A 75-year-old man presented with a 3-month history of asymptomatic nodules with alopecia on the scalp. He said that 3 years before this presentation, he had undergone total gastrectomy with Roux-en-Y anastomosis and extended lymphadenectomy due to poorly differentiated, diffuse gastric adenocarcinoma with locoregional metastatic lymph nodes. For 24 weeks after that, he had received 8 cycles of chemotherapy with epirubicin, cisplatin, and 5-fluorouracil. At a 2-year follow-up, there was no evidence of recurrence or metastasis.
On examination, 2 round, smooth, pink, rubbery nodules were noted in the occipital region (Figure 1). The patient said that the nodules had gradually grown in size over the past 3 months.
Dermoscopy showed a round, pink nodule with thick linear and arborizing vessels, shiny white structureless areas, and loss of follicular openings (Figure 2). Biopsy of a nodule revealed adenocarcinoma with diffuse infiltration of carcinoma cells arranged as single cells and forming tubules and glands in the dermis and subcutis. On immunohistochemical study, the neoplastic cells were positive for cytokeratin 7, cytokeratin 20, caudal-type homeobox 2, and villin, and negative for special AT-rich sequence-binding protein 2. The patient was referred to the oncology department, where metastasis to the abdominal cavity and lymph nodes was identified. The patient refused further chemotherapy and died 1 year later.

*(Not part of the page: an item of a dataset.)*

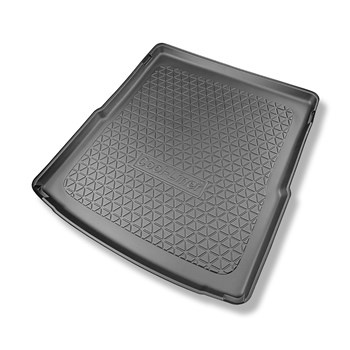 Gulvmåtte til bagagerum Skoda Superb IV Plug-in Hybrid Liftback (2020-....)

CUTANEOUS METASTASIS FROM GASTRIC CARCINOMA
Cutaneous metastases from visceral carcinomas are rare, with an overall incidence of 0.7% to 9%.1 The scalp is one of the most frequent cutaneous sites of distant metastasis from visceral carcinomas, and most lesions have a nodular presentation.2 Alopecia neoplastica is a cutaneous metastasis due to underlying cancer spreading to the scalp, accounting for 4% of all cutaneous metastasis, and associated with a poor prognosis.3
Alopecia neoplastica usually presents as single or multiple asymptomatic, reddish-violet or flesh-colored nodules with scarring alopecia, and is most prevalent in the frontal or parietal region of the scalp.3 It can also manifest as a plaque or patch.3 The primary tumor associated with alopecia neoplastica is most frequently in the gastrointestinal tract, followed by the breast, kidney, lung, and thyroid.3 Adenocarcinoma is the most frequent histologic subtype.3
The diagnosis of alopecia neoplastica can be challenging, but timely pathologic examination is critical, and immunohistochemistry is helpful in determining the origin of the tumor. It must be distinguished from common and benign alopecia conditions. Alopecia neoplastica indicates a poor prognosis for cancer patients, and a comprehensive evaluation is needed to guide treatment.
DISCLOSURES
The authors report no relevant financial relationships which, in the context of their contributions, could be perceived as a potential conflict of interest.